I worry about growing income inequality. But I worry even more that the discussion is too narrowly focused. I worry that our outrage at the top 1 percent is distracting us from the problem that we should really care about: how to create opportunities and ensure a reasonable standard of living for the bottom 20 percent.
This is the opening paragraph of Sendhil Mullainathan, “A Top-Heavy Focus on Income Inequality,” New York Times, March 8, 2014.
Mullainathan makes a careful argument, not that the government shouldn’t tax the top 1% more, but that it shouldn’t try to tear down the top 1% for the sake of tearing them down. He also points out that tearing them down in itself does no good for people at the bottom.
Mullainathan also gives some sobering data on people at the bottom and their odds of going to prison:
In focusing on the 1 percent, we aren’t talking about our failure to create equal, or even reasonable, opportunities for all. The Crime Lab at the University of Chicago says, “A back-of-the-envelope calculation suggests that there are 15 ZIP codes where if you are born into one of them you have at least a one-in-two chance of ending up behind bars at some point; and 775 ZIP codes where birth ensures at least a one-in-three chance of incarceration.”
Unfortunately, Mullainathan doesn’t run with that argument. His very next paragraph is this:
We should try to ensure that everyone has a fair opportunity to find a great life. It’s a quest that will require political will and ingenious policies. President Obama’s proposed expansion of the earned-income tax credit goes in this direction, but we need more.
Somehow I doubt that expanding the earned-income credit would do much for the people in those 775 zip codes.

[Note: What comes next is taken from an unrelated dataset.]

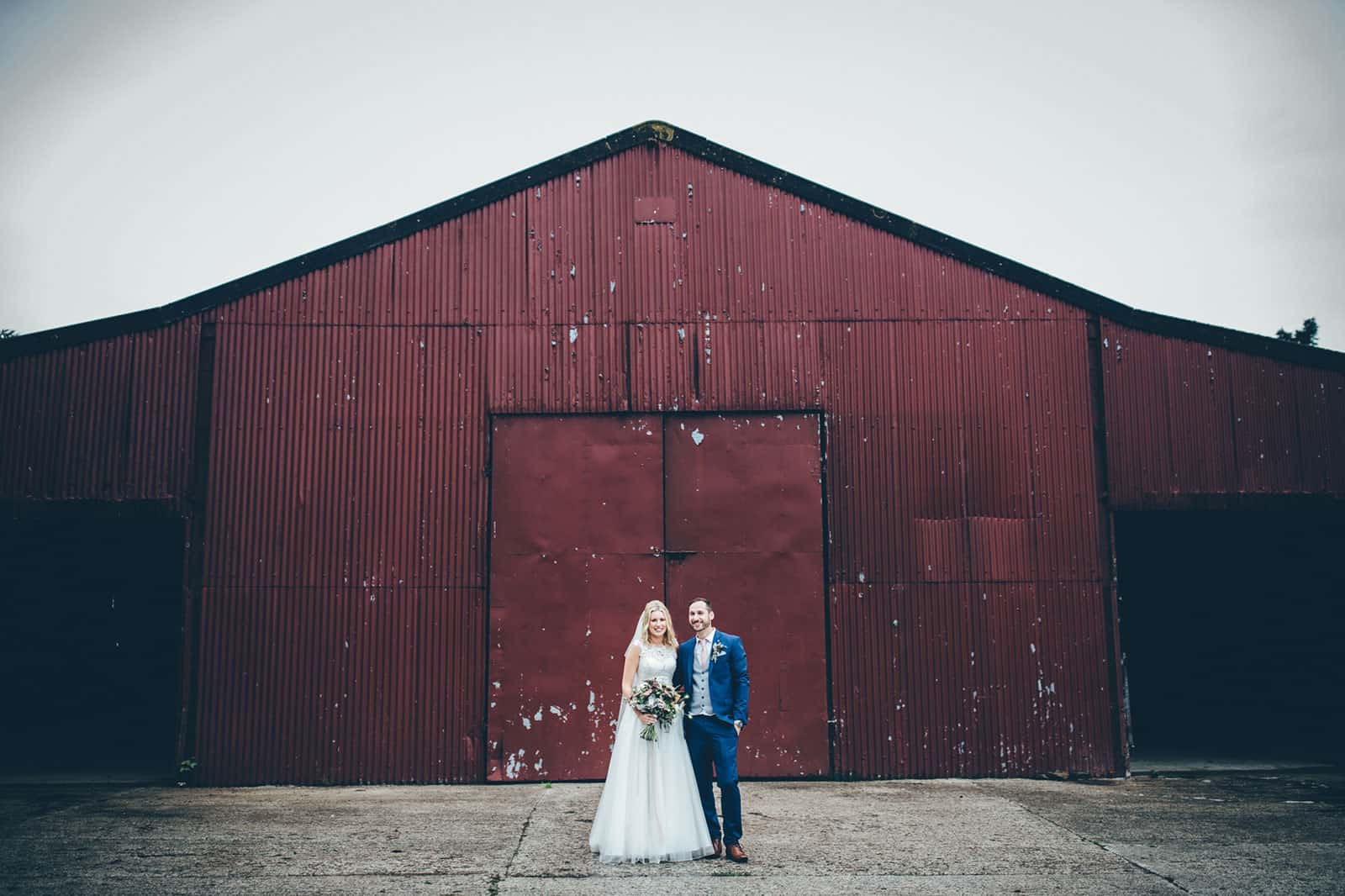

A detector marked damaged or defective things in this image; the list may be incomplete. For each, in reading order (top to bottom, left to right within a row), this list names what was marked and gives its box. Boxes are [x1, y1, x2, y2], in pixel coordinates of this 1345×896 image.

cracked concrete pavement [0, 764, 1339, 888]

But I can tell you what would do a lot for them: ending the drug war, ending the grinding regulation that prevents many of them from selling food on the street, driving cabs, and doing scores of other jobs without government permission.
Still, Mullainathan’s piece is a welcome response to those who sound as if they do want simply to tear down the top 1%. After all, he has made it clear that he doesn’t object per se to taxing them more if doing so would help the bottom 20%. By the way, I don’t want to tax the top 1% more. But we could tax them less and help many in the bottom 1% by letting out of prison the hundreds of thousands of people who have committed victimless crimes, as I’ve outlined here.
So how could someone who both wants to tax the top 1% more and wants to help the bottom 20% object to Mullainathan’s article? Yet Mark Thoma does. He doesn’t tell us why, but here’s the only comment he makes in his post on this article: “This was *not* my favorite article of the day.” OK, but why? By saying it this way, of course, Thoma doesn’t come out and disagree. It could, after all, be his second-favorite article of the day. But I doubt it. When you say that someone is not your favorite person, that is your understated way of saying that you don’t like, or at least have serious reservations about, that person. I think this was Mark Thoma’s way of being negative about the article without putting himself in the position of having to explain why.
By the way, Sendhil is co-author of the article in The Concise Encyclopedia of Economics on “Behavioral Economics.”
READER COMMENTS
Daniel Kuehn
Mar 9 2014 at 8:38pm
I think Mullainathan is making a very good point, but he’s making it by invoking a strawman. There are quite a few of us who spend a considerable amount of time thinking about the bottom 20% and what to do to help them, and often we get accused of statism or class warfare for it.
When I think about the people that seem to have the deepest concern for the bottom twenty percent, the overlap with those raising concerns about the top 1% are substantial.
I honestly don’t know who Mullainathan is thinking of here. But I can’t disagree with his underlying point, or yours.
Daniel Kuehn
Mar 9 2014 at 8:43pm
I don’t see any great mystery in Thoma’s frustration. Doesn’t that last sentence he quoted sound a little… I dunno… condescending to you??
MikeP
Mar 9 2014 at 8:52pm
Doesn’t that last sentence he quoted sound a little… I dunno… condescending to you??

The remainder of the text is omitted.